▶ Task:
Below are the entries. Print only the lines starting at the one with "336 NE 175th Street, Shoreline WA 98155" and ending at the one with "For sale Flat Cerro Maggiore cerro #139 n.5", exactly, with no pictures.

▶ Material supplied:
↓

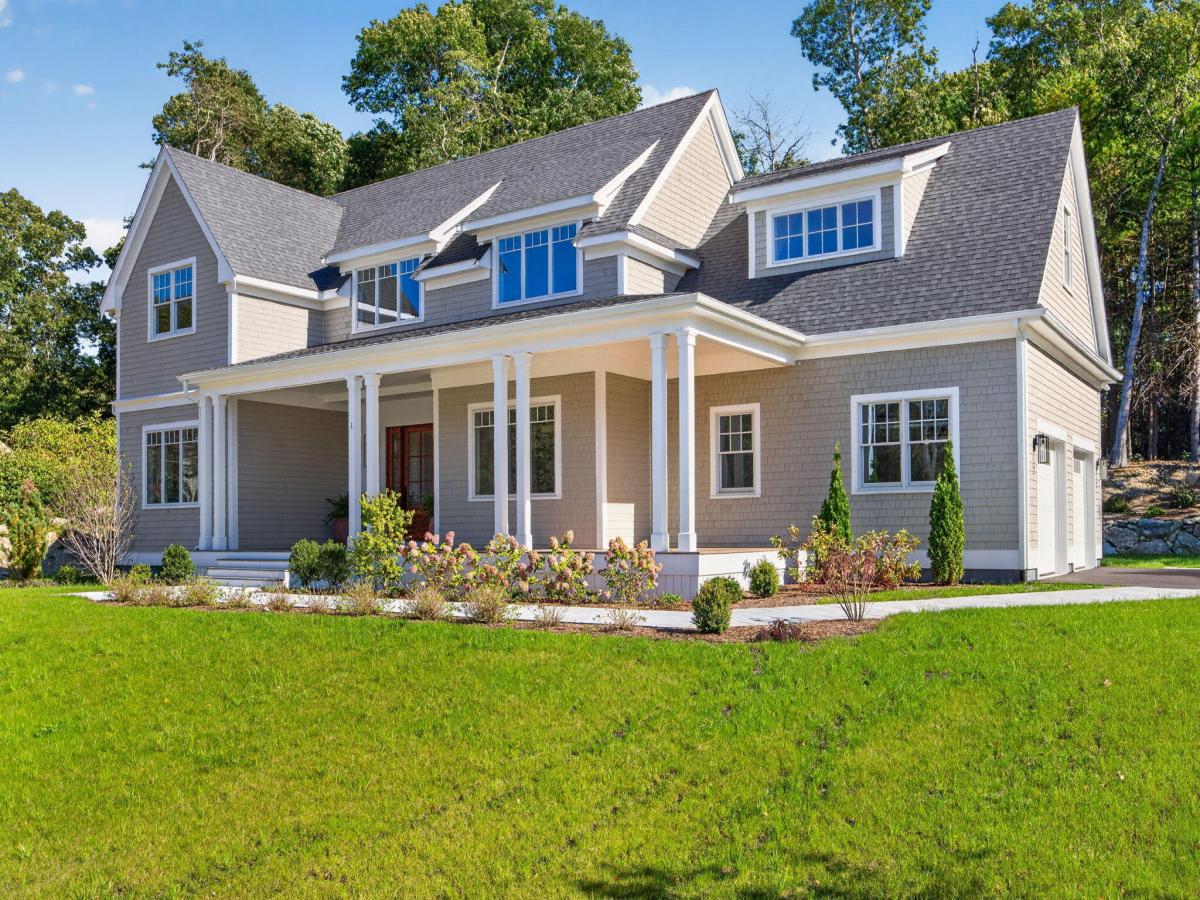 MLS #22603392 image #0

↑
↓

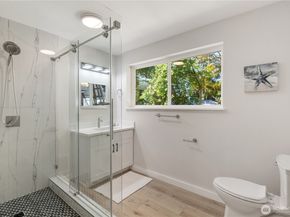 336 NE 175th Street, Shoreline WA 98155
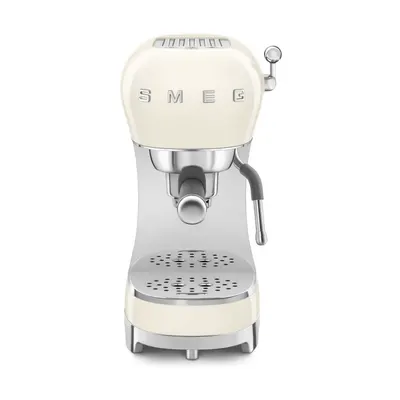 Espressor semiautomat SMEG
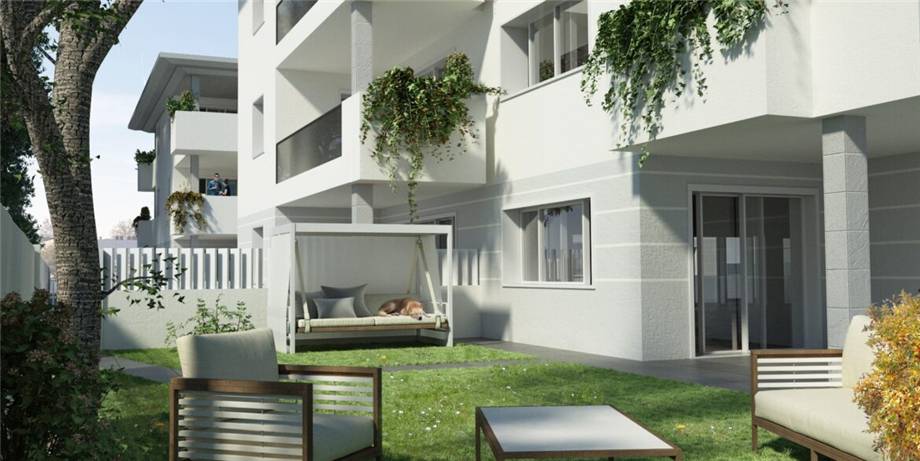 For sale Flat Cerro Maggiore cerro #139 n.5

↑

▶ Exercise solution:
 336 NE 175th Street, Shoreline WA 98155
 Espressor semiautomat SMEG
 For sale Flat Cerro Maggiore cerro #139 n.5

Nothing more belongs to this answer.